## Assignment
Your response should consist solely of the lines from the one containing "White Strapless Tiered" through the end of the data, copied exactly.

(Stored data)

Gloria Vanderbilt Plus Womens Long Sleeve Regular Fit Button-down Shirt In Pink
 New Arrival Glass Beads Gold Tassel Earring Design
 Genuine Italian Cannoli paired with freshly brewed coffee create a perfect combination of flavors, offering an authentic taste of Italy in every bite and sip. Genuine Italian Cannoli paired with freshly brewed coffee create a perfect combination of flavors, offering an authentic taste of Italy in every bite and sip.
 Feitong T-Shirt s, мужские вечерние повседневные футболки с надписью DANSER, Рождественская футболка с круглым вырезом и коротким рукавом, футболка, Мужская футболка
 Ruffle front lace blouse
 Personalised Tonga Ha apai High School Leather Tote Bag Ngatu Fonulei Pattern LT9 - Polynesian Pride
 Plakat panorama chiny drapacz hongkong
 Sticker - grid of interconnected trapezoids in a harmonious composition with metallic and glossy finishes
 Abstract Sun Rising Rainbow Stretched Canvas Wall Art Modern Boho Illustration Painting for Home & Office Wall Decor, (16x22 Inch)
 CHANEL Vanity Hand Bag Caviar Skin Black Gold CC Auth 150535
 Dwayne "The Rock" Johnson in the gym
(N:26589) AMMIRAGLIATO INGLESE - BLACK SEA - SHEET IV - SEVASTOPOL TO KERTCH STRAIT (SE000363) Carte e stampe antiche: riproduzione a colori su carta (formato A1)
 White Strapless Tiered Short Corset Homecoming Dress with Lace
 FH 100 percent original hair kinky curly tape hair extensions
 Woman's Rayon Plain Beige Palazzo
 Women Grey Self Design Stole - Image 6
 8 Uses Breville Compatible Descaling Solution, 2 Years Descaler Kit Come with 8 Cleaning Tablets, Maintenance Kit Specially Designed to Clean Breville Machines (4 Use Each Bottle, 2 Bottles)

## Finished task
 White Strapless Tiered Short Corset Homecoming Dress with Lace
 FH 100 percent original hair kinky curly tape hair extensions
 Woman's Rayon Plain Beige Palazzo
 Women Grey Self Design Stole - Image 6
 8 Uses Breville Compatible Descaling Solution, 2 Years Descaler Kit Come with 8 Cleaning Tablets, Maintenance Kit Specially Designed to Clean Breville Machines (4 Use Each Bottle, 2 Bottles)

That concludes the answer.